Remarks: For $n =2$, the answer is yes.  Indeed, one triangulates the input $m$-gon, then cuts each triangle into 3 kite polygons (https://en.wikipedia.org/wiki/Kite_(geometry)) that meet at a common vertex at the incenter of the triangle, thus resulting in a total of $\sim 3m$ kites. Then we cut each kite into 2 mutually congruent triangles and send each triangle into one of the output sets. This approach results in 2 congruent sets of polygons (indeed, triangles) with $\sim 3m$ elements each. For $n=4$, one can take the $n=2$ solution and divide each triangle piece in each set via kites into 2 congruent sets of 3 triangles each thus resulting in 4 mutually congruent sets with $\sim 9m$ triangles each.

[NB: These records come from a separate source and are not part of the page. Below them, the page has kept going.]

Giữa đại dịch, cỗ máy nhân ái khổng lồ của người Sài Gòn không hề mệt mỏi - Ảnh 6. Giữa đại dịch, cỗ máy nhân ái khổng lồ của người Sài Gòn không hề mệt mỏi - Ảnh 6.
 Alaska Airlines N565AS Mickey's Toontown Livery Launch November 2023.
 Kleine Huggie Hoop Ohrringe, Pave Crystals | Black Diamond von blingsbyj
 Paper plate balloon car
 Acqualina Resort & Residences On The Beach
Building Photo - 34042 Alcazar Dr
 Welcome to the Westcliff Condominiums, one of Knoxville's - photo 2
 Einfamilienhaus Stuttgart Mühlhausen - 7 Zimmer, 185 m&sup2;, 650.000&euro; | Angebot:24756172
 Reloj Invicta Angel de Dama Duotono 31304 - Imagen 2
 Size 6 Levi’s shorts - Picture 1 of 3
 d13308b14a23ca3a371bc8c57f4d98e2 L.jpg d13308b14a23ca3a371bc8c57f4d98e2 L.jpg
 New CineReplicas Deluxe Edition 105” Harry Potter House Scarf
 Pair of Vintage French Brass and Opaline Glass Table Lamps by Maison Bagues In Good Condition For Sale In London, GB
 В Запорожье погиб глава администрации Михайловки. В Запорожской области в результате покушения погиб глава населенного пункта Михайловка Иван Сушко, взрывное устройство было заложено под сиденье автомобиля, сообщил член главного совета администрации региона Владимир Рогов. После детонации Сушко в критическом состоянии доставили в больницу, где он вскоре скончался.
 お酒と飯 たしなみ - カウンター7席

This approach should work for all powers of 2 values of $n$. A natural question here is whether we can manage with less number of pieces in each congruent set.
Guess: For other values of $n$, including even 3, the answer may be "not always". I have no proof for this.
 A: By the Wallace-Bolyai-Gerwien theorem it suffices to cut the polygon into $n$ sets of equal area, which can certainly be done by continuity of the area on one side of a line as you move the line across the shape. If any of the sets is discontiguous you can rearrange pieces to make it contiguous. Then apply WBG to rearrange each set into the shape of an arbitrarily chosen one. Finally, take the union of the cuts on each rearranged set and apply the same cuts to all of them.
A: Every $n$ is possible.
As you point out, it suffices to answer the question for triangles. You can divide a triangle $T$ into $n^2$ congruent triangles  similar to $T.$ Then these can be partitioned into $n$ sets of $n$ which are congruent as sets and, indeed, have all members congruent.
It is interesting to note that, If you triangulate an $m$-gon $P$ into $k \geq m-2$ triangles and follow this procedure you get $kn^2$ triangles in $k$ congruence classes. These can be assembled into $n^2$ congruent $m$-gons similar to  $P$ and triangulated in the same way.
Define $k_n$ to be the least $k$ such that every triangle can be further triangulated into $nk_n$ small triangles with $k_n$ congruence classes. Equivalently, into $n$ pairwise congruent sets (in the sense of the question) each of size $k_n.$ Then certainly any $m$-gon can be partitioned into $(m-2)$ triangles and then into $n$ pairwise congruent sets each of size $(m-2)k_n.$ It seems plausible that this is optimal, though justifying that with a proof might be a challenge.

*

*We know that $k_n \le n.$

*$k_{t^2}=1$

*If $n=st^2$ with $s$ square free, then $k_n \le k_s$
It seems plausible that $k_{st^2}=k_s,$ but, again, that is not a proof.
However it seems most fruitful to concentrate on $k_s$ For $s$ square free.

*

*$k_2=2$

*$k_3=2$ (split into kites then bisect each).

*$k_{ab} \leq k_ak_b$ since we can partition each of $k_a$ types into $k_b$ subtypes. In particular:

*$k_{3s} \le 2k_s$
I suspect that $k_p=p$ for prime $p \neq 2.$ If so, then the last result is the only interesting use of the previous result.